The new logos, designed by creative director Daniel Arsham, give the Cavs a fresh look with nods to the franchise’s storied history.
It’s a new era in Cleveland. Visually, at least.
The Cleveland Cavaliers unveiled their new, refreshed logo and brand identity on Thursday, making a series of subtle but notable changes to their previous look. The franchise removed the sword from its shield-like crest logo, brought back its iconic hoop V, and swapped its mustard yellow color for a gold that originated with the team in the 1980s and returned during the first LeBron James era between 2003 and 2010.
The three new iterations can be seen here, courtesy of the Cavs:
Cavs creative director, Cleveland native, and internationally renowned artist Daniel Arsham led the re-design for an identity package that feels fresh, yet familiar. A new brand identity that references different eras of the franchise is something he has been thinking about since he took the post in 2020.
“Frankly there were way too many options,” Arsham told Boardroom. “And my feeling is if we’re trying to create a cohesive brand identity, it needs to be relatively simple and reductive.”
What was originally a couple dozen iterations of team logo graphics was cut to about 10 over the last two seasons.

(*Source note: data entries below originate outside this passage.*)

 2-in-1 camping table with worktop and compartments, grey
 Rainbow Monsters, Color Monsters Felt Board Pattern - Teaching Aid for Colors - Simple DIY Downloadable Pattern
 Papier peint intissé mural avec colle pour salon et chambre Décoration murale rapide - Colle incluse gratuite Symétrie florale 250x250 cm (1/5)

It’s now been reduced to just three, including a significantly reduced color palette that eliminates navy from the team’s scheme.

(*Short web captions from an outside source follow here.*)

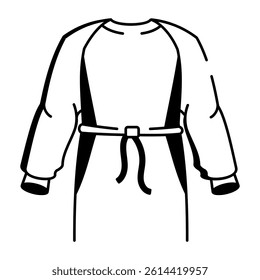 Hand drawn style icon of a surgical gown 
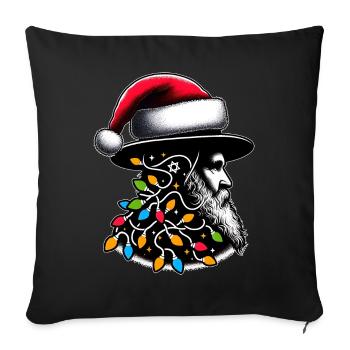 Rabbiner Hebräisch Weihnachtsmütze Xmas - Sofakissenbezug 45 x 45 cm - Schwarz - Vorne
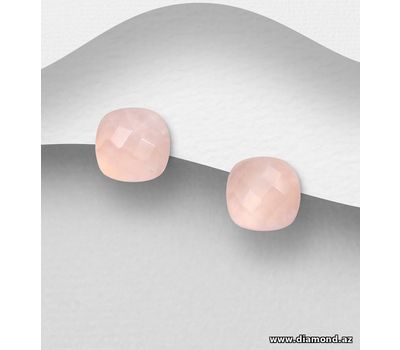 Desire by 7K - 925 Sterling Silver Push-Back Earrings, Decorated with Rose Quartz, Plated with 0.3 Micron 18K Yellow Gold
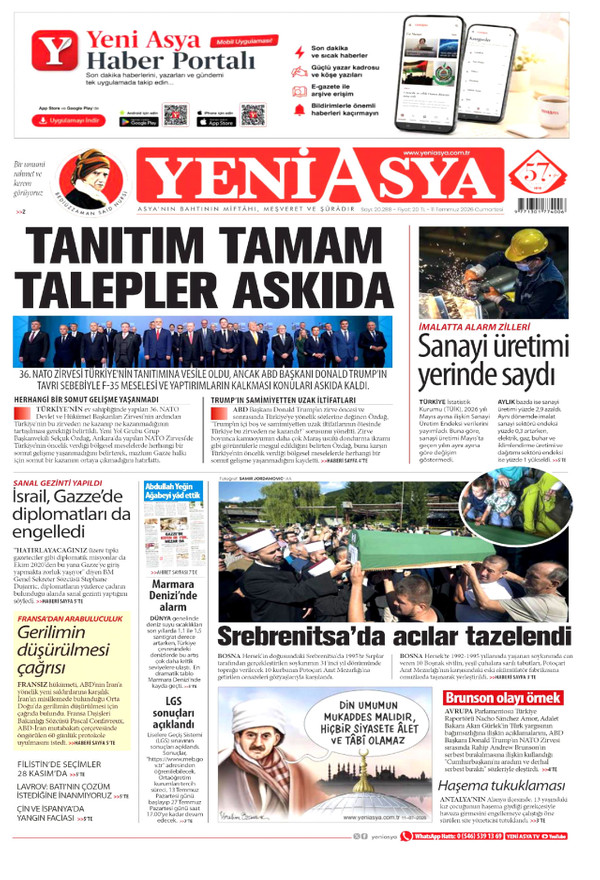 Yeni Asya gazetesi ön sayfası
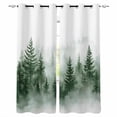 thumbnail image 1 of Green Foggy Forest Blackout Curtains for Bedroom Living Room Darkening Curtains 90 Inch Watercolor Mist Mountains Landscape Black Out Window Curtain Privacy Window Treatment Grommet Drapes 52"x90"x2, 1 of 9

“It feels like our team, especially after last season, came into its own,” Arsham said. “It’s a new team, a lot of young players, and it feels good to be able to give them a new mark that they can get behind and own while still paying homage to previous eras in our history.”
The reduction of the color palette reinforces Cleveland’s primary colors of wine, black, white, and Cavaliers Gold— also known as Pantone #BC945C— that’s replacing the mustard yellow the Cavs have used in recent years. There will also be a reflective silicone-like material on the gold when applied to the team’s jerseys that will give it a unique kind of sheen when watching the team on TV.
“Frankly, I was never a huge fan of the mustard yellow to represent the gold,” Arsham said. “I didn’t like the way it really sat with our wine.”
Black was always going to stay as a Cavs color, Arsham said. It’s one that the fans like, the players feel good in, and was a major part of the team’s 2016 championship run. There will also be new Cavs Statement, Icon and Association jerseys that will be unveiled later this summer, with a new City Edition uni debuting in November with the rest of the league.
“Our jerseys are going to look so different from so many others in the league just based on their simplicity,” Arsham said. “I haven’t done any flashy details, no piping on the edge of the sleeves, or a trim, or anything like that. They’re solid jerseys. They almost look like something from a different era — from the ’70s or something like that.”
Arsham hopes that people feel like they’ve seen the logo before but also that it’s a new interpretation of a clean and simplified look.
“It looks contemporary, it’s reductive and simple but modern at the same time,” he said. “I think it checks all those boxes for me and personally I think the reaction from the community is going to be quite good.”